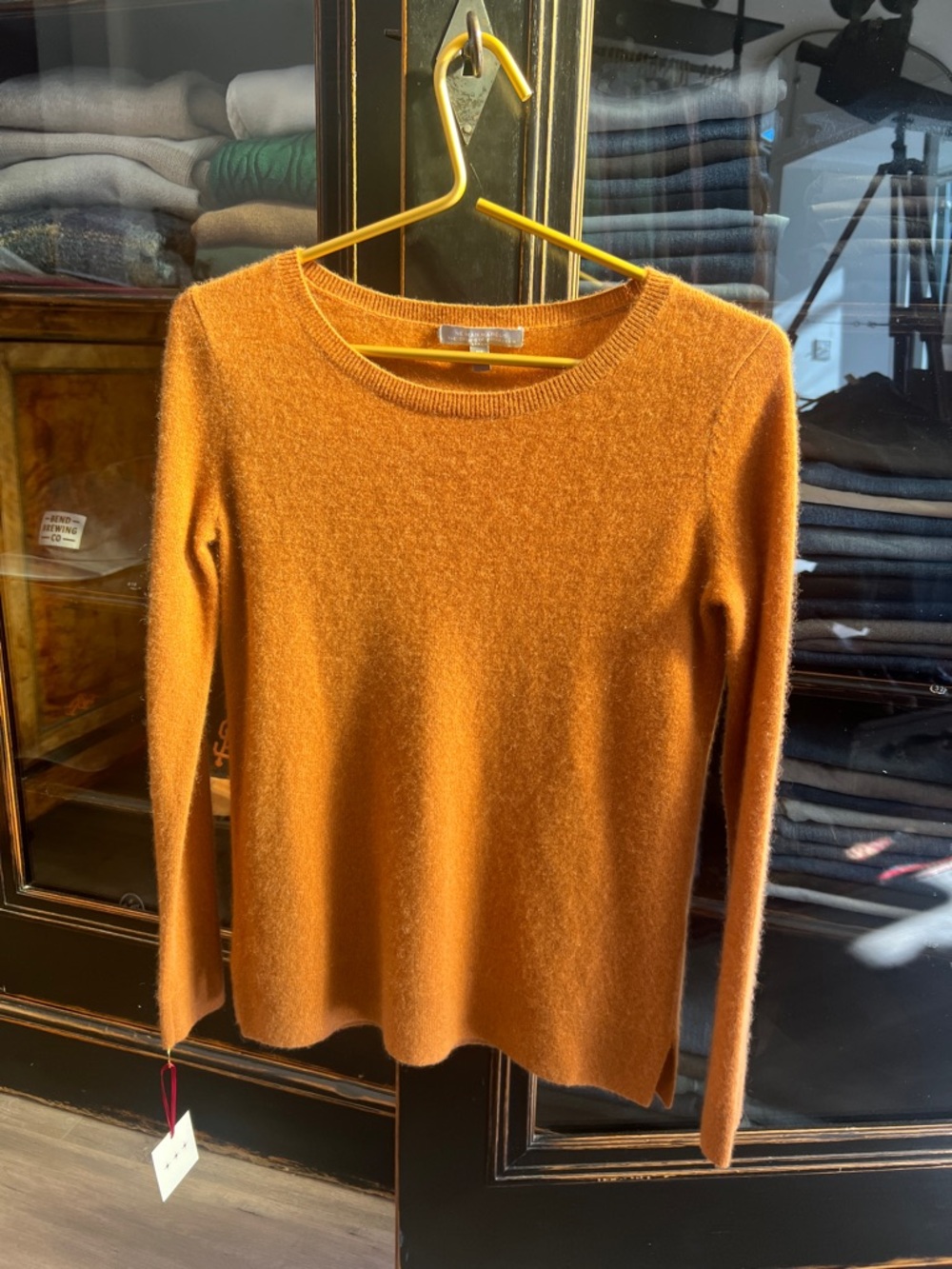 Neiman Marcus Cozy Crewneck Cashmere Sweater in Warm Rust Orange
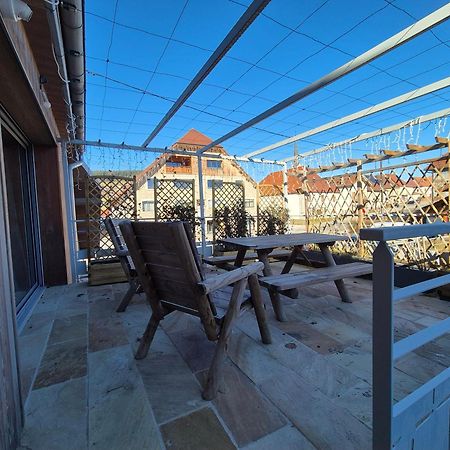 Del Vino Bar A Vin & Guitares Appartement Sauna Terrasse Garage Orchamps-Vennes エクステリア 写真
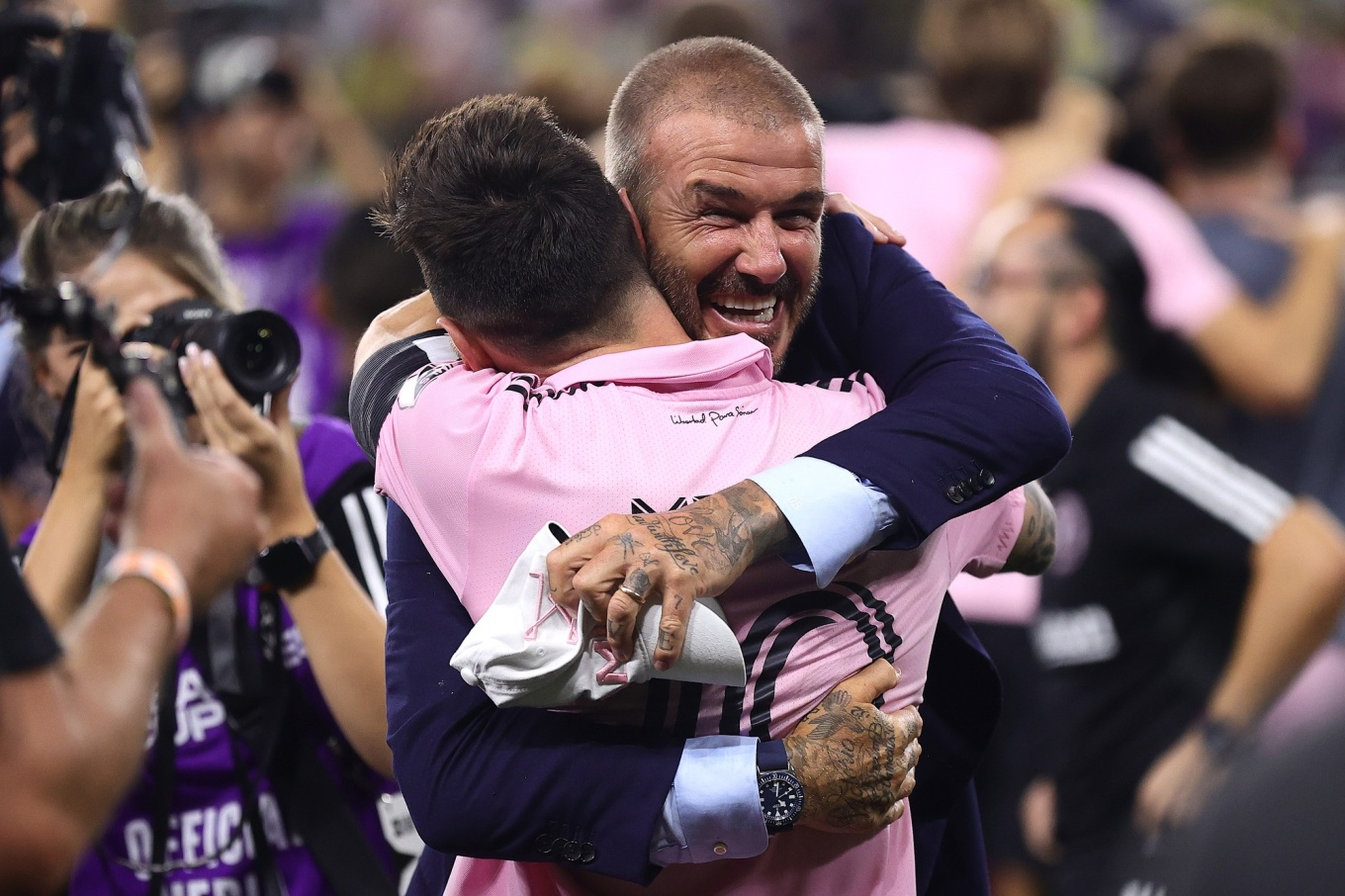 Chủ tịch David Beckham để tóc gì chung kết giải League Cup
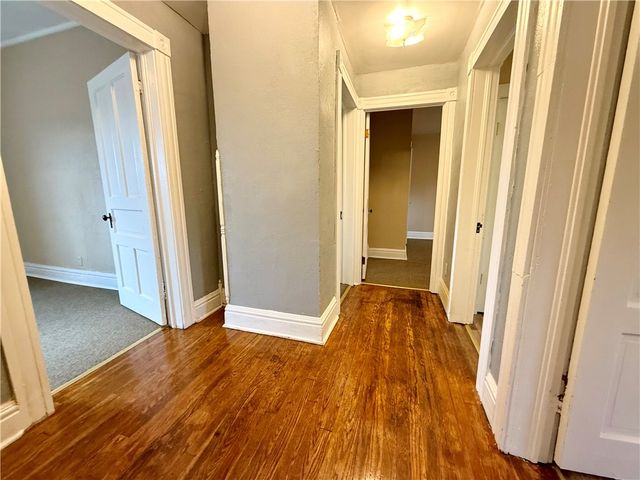 57 W Main St, Cowanshanock Twp, PA 16263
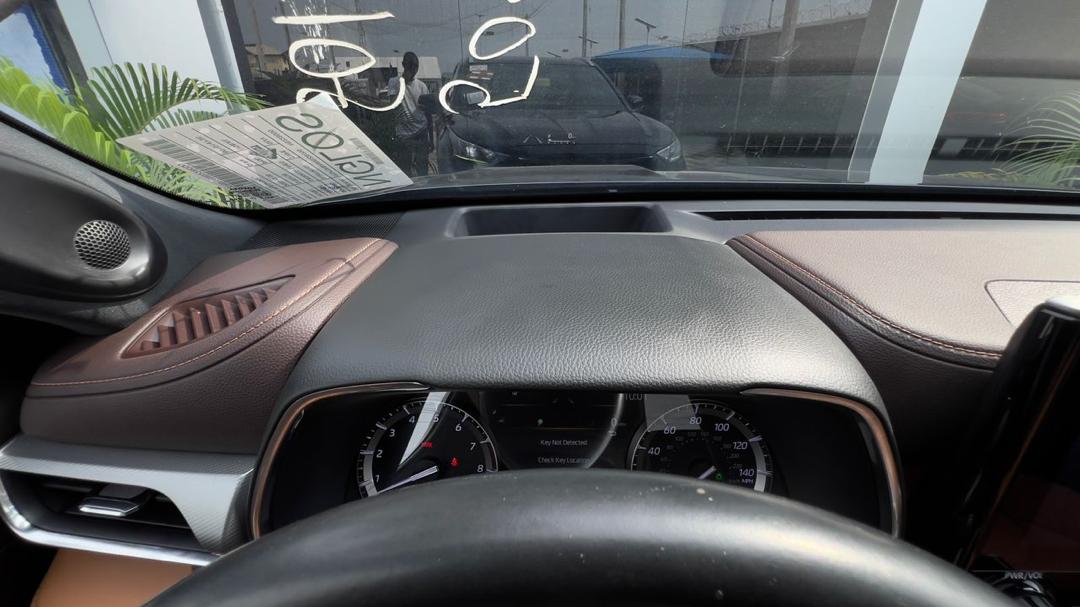 2022 Toyota Highlander XLE photo 6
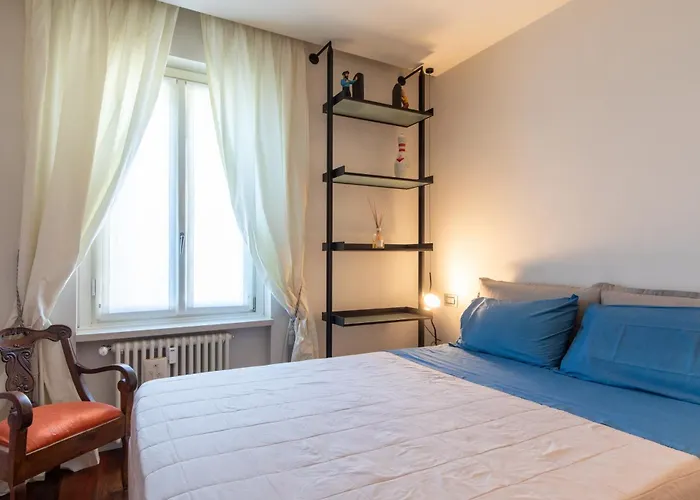 Porta Venezia- Design Apartment, 2-Bedrooms, Netflix, Wifi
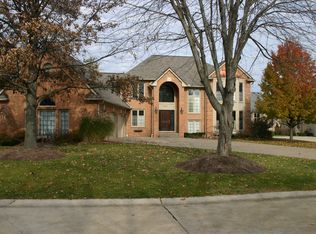 3697 Edinborough Dr, Rochester Hills, MI 48306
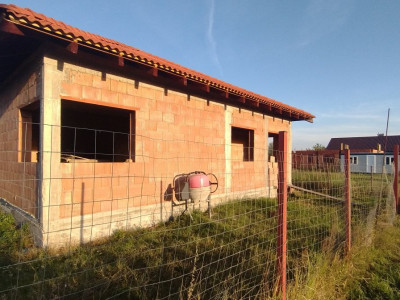 Casa individula la ROSU, 4 camere - Becicherecu Mic, teren 499 mp imagine mica 18, foxfort.ro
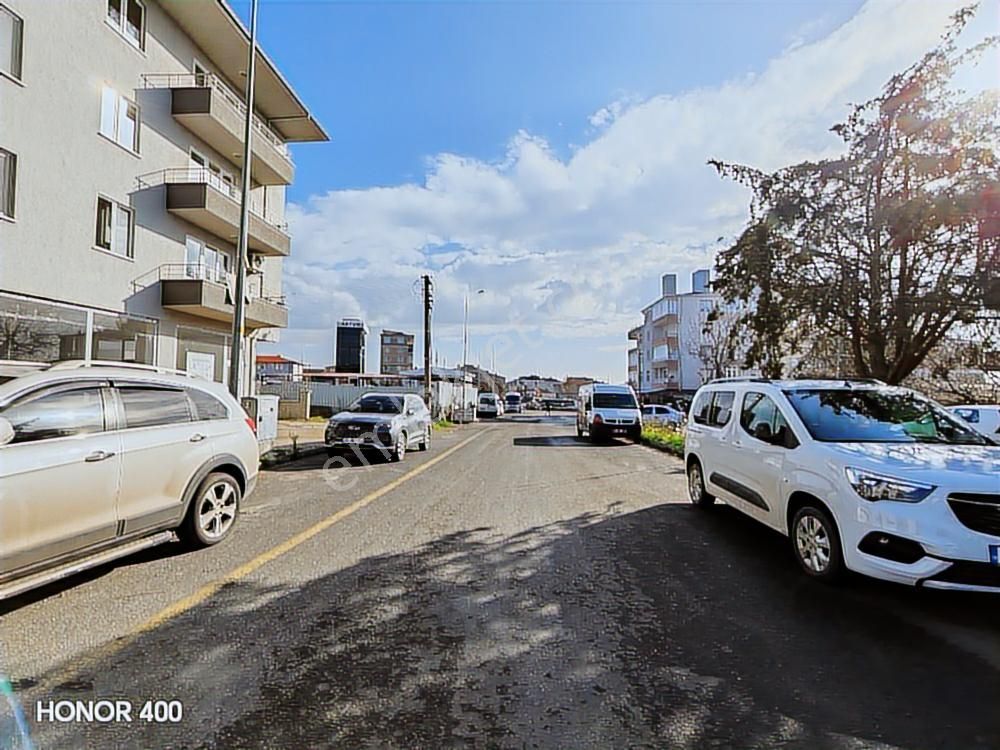 Hatip Muhtarlığı Yanında Site İçinde 110m2 2+1 Satılık İskanlı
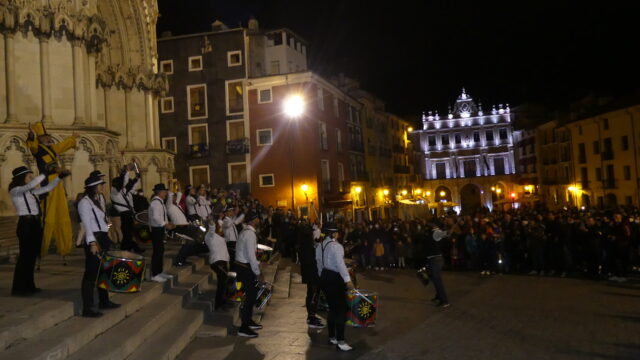 Gran participacion en la fiesta de los años 20 celebrada en el Casco Antiguo de Cuenca con motivo del Carnaval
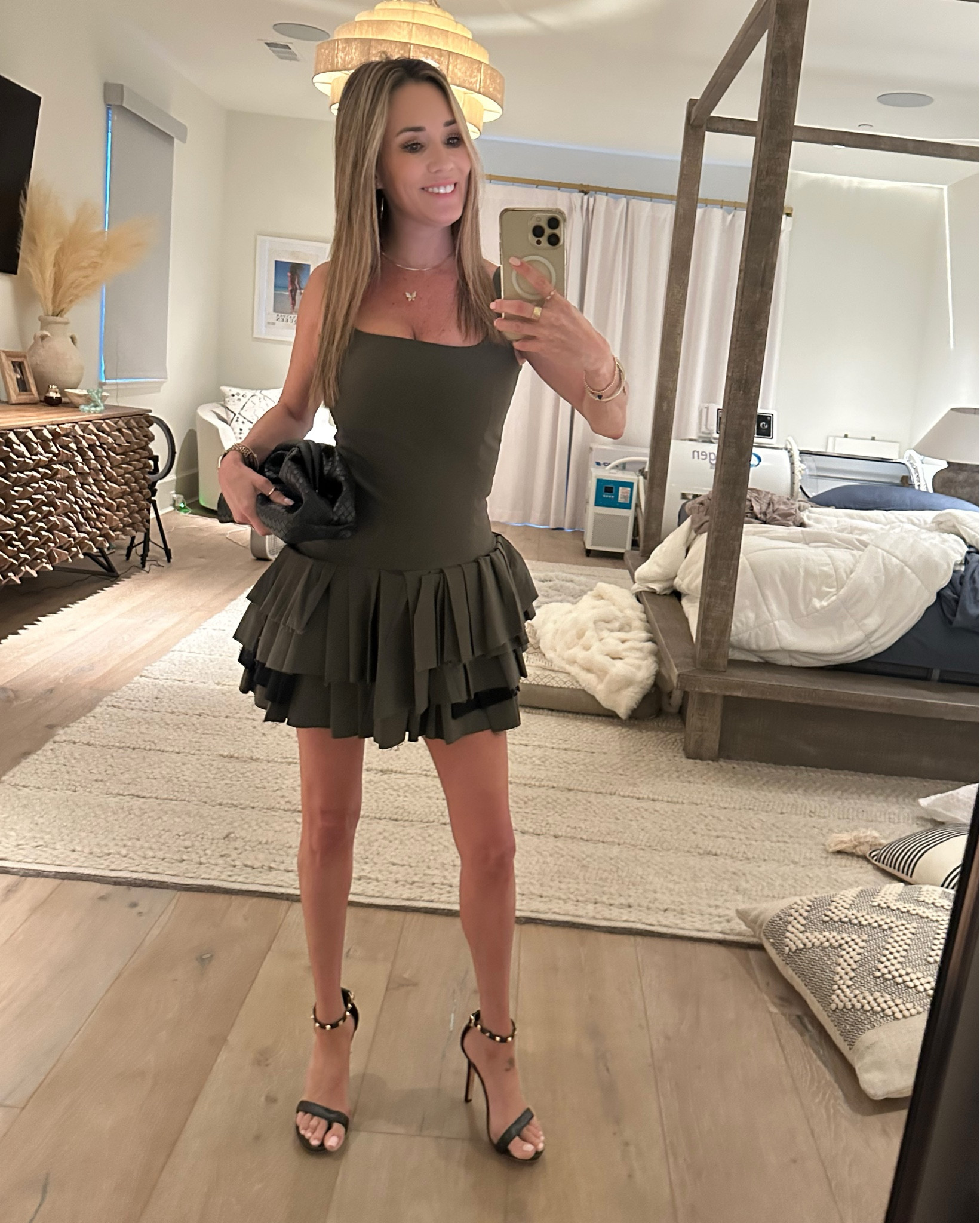 I'm OBSESSED with this Olive Green Pleated Mini Dress from Pretty Little Thing! It’s on sale for $32.50! The material sucks you in and holds you up 😉 It’s fun and funky, yet classy and fabulous! This cute dress also comes in 4 colors! Grab it before it sells out! 

#LTKFestival #LTKFindsUnder50 #LTKSaleAlert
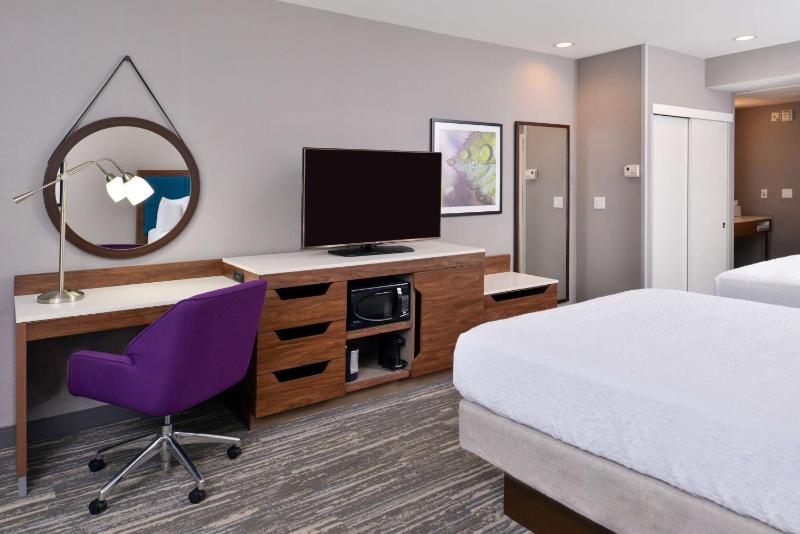 Room with Two Queen Beds - Non-Smoking image 4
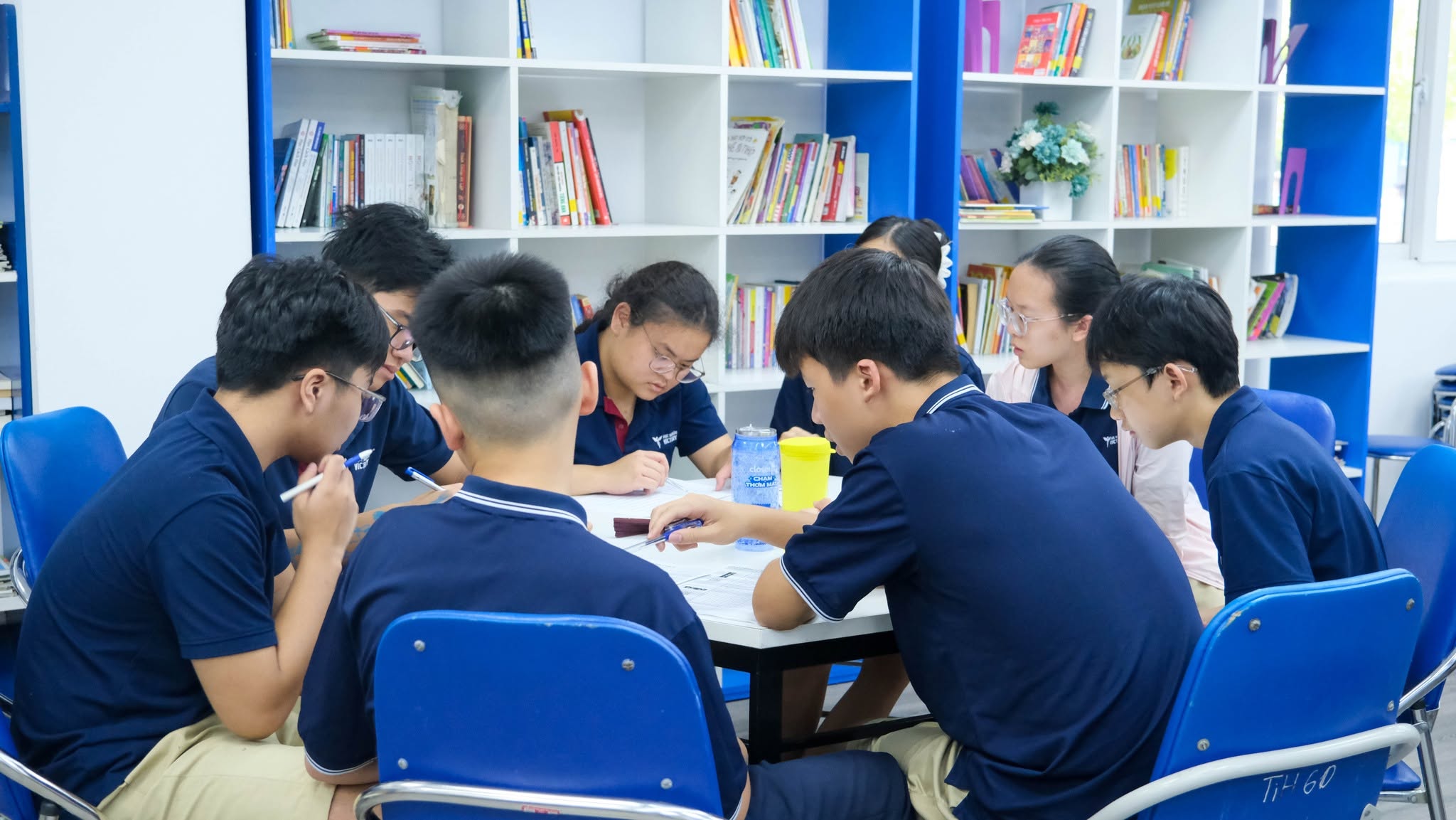 HƯỚNG NGHIỆP HÔM NAY - VỮNG BƯỚC NGÀY MAI CÙNG VICSERS K9 4 763275179 122202333536590852 8467088304066615561 n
####################
— WORK ORDER —
Repeat the entries above exactly and skip the images.

— EXERCISE RESULT —
 Neiman Marcus Cozy Crewneck Cashmere Sweater in Warm Rust Orange
 Del Vino Bar A Vin & Guitares Appartement Sauna Terrasse Garage Orchamps-Vennes エクステリア 写真
 Chủ tịch David Beckham để tóc gì chung kết giải League Cup
 57 W Main St, Cowanshanock Twp, PA 16263
 2022 Toyota Highlander XLE photo 6
 Porta Venezia- Design Apartment, 2-Bedrooms, Netflix, Wifi
 3697 Edinborough Dr, Rochester Hills, MI 48306
 Casa individula la ROSU, 4 camere - Becicherecu Mic, teren 499 mp imagine mica 18, foxfort.ro
 Hatip Muhtarlığı Yanında Site İçinde 110m2 2+1 Satılık İskanlı
 Gran participacion en la fiesta de los años 20 celebrada en el Casco Antiguo de Cuenca con motivo del Carnaval
 I'm OBSESSED with this Olive Green Pleated Mini Dress from Pretty Little Thing! It’s on sale for $32.50! The material sucks you in and holds you up 😉 It’s fun and funky, yet classy and fabulous! This cute dress also comes in 4 colors! Grab it before it sells out! 

#LTKFestival #LTKFindsUnder50 #LTKSaleAlert
 Room with Two Queen Beds - Non-Smoking image 4
 HƯỚNG NGHIỆP HÔM NAY - VỮNG BƯỚC NGÀY MAI CÙNG VICSERS K9 4 763275179 122202333536590852 8467088304066615561 n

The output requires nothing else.